> _What is being asked_
The range to reproduce runs from the line containing "US Polo Assn" through the last line of the listing below; give exactly those lines and no others.
Segment Start: The input
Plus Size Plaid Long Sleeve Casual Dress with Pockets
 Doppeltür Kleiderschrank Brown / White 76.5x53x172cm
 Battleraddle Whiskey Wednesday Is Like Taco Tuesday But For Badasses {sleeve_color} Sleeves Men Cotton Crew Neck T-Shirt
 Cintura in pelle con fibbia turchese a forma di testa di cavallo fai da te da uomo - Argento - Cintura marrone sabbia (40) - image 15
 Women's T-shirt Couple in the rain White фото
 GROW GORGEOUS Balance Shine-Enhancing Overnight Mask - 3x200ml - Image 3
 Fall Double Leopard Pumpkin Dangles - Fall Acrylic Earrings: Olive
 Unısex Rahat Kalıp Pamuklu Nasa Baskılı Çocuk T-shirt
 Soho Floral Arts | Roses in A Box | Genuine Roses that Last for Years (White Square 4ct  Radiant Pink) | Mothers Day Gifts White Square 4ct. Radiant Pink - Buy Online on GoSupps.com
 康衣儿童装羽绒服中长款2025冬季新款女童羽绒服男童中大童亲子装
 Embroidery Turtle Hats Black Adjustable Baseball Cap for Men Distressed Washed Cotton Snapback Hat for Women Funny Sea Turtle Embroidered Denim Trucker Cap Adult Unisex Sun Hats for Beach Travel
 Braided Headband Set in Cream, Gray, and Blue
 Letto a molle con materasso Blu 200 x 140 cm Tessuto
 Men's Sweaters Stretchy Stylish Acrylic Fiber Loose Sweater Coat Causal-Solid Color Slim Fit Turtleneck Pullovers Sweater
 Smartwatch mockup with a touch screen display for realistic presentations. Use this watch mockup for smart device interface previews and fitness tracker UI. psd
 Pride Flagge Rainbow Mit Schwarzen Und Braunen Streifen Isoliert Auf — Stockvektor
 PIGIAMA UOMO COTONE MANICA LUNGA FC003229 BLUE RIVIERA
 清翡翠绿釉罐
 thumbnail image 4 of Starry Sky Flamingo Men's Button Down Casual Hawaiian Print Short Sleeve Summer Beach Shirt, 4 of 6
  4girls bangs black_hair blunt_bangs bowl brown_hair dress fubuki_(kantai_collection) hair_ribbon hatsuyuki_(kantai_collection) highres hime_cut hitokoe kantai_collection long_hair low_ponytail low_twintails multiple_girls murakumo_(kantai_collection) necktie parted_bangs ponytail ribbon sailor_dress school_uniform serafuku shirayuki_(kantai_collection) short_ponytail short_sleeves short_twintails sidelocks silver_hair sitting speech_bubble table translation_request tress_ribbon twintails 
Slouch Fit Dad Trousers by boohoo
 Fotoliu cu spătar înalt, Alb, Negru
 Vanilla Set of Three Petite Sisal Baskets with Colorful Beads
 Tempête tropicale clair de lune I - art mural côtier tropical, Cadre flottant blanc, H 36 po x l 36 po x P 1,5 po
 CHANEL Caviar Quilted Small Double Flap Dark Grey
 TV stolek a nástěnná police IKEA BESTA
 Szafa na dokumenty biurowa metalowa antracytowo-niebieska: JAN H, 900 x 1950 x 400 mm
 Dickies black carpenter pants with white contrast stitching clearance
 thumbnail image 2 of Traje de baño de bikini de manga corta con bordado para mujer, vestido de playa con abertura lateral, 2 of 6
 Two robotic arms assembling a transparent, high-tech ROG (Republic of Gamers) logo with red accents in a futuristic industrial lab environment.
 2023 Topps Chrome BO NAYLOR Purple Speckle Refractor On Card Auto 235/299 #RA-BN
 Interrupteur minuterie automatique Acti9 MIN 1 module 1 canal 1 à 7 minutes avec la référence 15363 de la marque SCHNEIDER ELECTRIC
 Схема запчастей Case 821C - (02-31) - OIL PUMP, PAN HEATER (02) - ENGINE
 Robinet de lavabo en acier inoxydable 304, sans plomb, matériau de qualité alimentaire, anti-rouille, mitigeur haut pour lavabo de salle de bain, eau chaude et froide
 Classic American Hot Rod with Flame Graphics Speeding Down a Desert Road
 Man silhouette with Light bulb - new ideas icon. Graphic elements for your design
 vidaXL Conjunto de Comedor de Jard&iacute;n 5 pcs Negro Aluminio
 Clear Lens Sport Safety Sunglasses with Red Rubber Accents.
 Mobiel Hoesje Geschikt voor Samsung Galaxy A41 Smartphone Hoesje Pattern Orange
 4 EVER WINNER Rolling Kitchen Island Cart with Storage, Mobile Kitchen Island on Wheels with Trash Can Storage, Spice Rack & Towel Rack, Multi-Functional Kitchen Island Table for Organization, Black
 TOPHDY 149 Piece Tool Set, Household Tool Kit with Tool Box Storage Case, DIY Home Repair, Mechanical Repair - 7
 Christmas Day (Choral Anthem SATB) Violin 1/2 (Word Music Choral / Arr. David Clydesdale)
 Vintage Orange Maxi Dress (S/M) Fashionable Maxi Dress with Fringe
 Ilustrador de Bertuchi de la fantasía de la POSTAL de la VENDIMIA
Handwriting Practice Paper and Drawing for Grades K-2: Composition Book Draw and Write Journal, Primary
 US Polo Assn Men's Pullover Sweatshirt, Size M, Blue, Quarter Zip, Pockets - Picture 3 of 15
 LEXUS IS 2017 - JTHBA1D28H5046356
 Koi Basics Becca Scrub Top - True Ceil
Segment End: The input
> _Task solution_
 US Polo Assn Men's Pullover Sweatshirt, Size M, Blue, Quarter Zip, Pockets - Picture 3 of 15
 LEXUS IS 2017 - JTHBA1D28H5046356
 Koi Basics Becca Scrub Top - True Ceil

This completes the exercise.